IV. D. Wiggins, “A Sensible Subjectivism” (1991)
1. There is a Humean form of subjectivism, which hinges on projection and on the verdict of
authoritative judges. However, this form of subjectivism is questionable because it is modeled on
the sensorial apparatus and presupposes a homogeneous human nature (147-148)
2. A non-Humean subjectivism: the central concept is that of fitness by nature of certain
views and ways of acting. The viewpoint from which such fitnesses are to be recognized and
appreciated is internal to our practice of cognition and evaluation, it is a first-order one. There is no
reduction of valuing and values to anything external (149-150).

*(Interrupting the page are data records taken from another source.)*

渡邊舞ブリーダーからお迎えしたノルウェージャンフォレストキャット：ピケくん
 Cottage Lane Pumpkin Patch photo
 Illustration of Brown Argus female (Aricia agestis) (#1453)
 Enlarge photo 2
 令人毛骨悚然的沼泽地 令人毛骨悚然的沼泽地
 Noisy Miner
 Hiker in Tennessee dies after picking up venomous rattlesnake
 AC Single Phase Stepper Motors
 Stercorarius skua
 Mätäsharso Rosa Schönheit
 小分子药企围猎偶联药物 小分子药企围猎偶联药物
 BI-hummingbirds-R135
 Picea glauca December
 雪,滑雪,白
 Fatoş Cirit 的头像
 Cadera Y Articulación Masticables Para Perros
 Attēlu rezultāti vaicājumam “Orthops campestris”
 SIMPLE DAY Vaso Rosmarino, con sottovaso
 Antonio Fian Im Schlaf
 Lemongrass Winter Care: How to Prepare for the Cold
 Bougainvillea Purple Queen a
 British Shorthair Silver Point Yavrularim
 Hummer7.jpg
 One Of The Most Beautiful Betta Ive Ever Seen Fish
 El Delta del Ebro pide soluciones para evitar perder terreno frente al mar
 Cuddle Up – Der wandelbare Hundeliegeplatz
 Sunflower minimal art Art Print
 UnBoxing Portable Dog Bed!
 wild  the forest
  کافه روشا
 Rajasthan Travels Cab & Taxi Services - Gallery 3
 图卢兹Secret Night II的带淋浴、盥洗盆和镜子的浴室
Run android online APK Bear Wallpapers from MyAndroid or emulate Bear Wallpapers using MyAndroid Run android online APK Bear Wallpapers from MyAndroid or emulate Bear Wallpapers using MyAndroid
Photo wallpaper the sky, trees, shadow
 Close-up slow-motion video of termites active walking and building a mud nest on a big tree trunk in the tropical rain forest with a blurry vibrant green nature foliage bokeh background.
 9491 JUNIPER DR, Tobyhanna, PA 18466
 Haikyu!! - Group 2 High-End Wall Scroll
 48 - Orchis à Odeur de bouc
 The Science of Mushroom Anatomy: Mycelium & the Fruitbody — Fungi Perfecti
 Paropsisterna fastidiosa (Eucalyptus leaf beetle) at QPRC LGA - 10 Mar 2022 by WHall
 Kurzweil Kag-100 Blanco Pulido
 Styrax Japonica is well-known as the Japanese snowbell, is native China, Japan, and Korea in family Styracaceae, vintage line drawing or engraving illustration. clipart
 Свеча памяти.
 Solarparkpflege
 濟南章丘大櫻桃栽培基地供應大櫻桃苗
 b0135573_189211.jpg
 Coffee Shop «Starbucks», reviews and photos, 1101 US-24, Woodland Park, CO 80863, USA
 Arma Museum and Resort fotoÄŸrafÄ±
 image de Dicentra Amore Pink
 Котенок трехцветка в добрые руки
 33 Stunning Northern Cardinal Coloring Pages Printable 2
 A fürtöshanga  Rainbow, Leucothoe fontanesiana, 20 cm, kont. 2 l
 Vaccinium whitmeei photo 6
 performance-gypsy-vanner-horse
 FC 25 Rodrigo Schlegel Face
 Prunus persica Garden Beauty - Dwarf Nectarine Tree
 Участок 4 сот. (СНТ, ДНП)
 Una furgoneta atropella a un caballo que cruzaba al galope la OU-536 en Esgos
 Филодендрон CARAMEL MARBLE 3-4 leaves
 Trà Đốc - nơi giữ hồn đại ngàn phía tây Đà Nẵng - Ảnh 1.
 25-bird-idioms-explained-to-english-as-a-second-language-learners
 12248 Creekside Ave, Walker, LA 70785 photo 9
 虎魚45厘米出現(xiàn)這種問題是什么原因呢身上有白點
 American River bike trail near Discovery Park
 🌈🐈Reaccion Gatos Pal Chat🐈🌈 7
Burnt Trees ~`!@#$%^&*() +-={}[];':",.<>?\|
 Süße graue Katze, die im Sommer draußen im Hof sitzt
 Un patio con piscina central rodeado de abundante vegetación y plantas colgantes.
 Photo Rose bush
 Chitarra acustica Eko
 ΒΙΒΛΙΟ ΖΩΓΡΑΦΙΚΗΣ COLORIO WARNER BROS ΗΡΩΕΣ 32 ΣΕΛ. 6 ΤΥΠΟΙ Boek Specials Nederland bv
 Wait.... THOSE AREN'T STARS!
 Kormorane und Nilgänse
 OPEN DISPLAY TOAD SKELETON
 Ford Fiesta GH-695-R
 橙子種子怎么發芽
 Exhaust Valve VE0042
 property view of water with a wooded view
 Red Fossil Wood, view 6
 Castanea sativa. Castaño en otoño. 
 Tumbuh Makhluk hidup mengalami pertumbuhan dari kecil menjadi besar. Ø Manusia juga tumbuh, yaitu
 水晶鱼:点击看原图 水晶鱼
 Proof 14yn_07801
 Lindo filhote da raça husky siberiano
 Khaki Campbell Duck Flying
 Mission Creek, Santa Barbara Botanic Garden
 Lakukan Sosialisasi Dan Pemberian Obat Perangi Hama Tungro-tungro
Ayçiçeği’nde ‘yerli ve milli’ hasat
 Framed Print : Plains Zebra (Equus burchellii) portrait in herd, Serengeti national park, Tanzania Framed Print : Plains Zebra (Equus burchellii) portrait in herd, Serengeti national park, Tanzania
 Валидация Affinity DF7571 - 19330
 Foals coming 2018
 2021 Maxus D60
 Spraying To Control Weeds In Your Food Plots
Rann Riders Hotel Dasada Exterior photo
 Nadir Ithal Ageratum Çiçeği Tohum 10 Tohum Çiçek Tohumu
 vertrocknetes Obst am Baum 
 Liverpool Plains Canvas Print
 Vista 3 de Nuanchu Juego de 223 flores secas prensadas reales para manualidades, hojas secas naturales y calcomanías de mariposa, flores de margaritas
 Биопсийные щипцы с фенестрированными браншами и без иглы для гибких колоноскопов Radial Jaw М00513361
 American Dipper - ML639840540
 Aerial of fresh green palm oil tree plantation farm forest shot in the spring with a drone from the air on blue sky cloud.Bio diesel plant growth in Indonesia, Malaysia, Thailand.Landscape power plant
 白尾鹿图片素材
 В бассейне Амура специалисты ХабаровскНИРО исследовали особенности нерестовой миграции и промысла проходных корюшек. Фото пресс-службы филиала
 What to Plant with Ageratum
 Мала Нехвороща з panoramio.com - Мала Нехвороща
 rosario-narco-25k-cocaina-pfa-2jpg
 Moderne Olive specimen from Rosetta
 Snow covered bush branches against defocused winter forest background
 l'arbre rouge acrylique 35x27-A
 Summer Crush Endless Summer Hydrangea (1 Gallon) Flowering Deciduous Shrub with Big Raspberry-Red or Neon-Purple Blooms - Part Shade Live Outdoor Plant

3. Perceptions and responses, properties and responses, are on this view mutually
determined – made the ones for the others. The crucial point is that our sensibilities and our
practices are at least to some degree systematic and susceptible to progress. We can move from
consideration of appropriate objects to that of appropriate responses and again to that of appropriate
objects- it is a virtuous circularity. This also makes disagreement possible and makes us move from
subjectivity to objectivity. (151-152)
4. We must both require and pursue agreement ion concepts or sense, not judgments, in our
practices. This is the key to our mutual criticizability and to the internal criticism and
reconstructions of our very practices – on the model of Neurath’s ship. In this way it is possible to
aim to a form of realist and cognitivist subjectivism (153-155).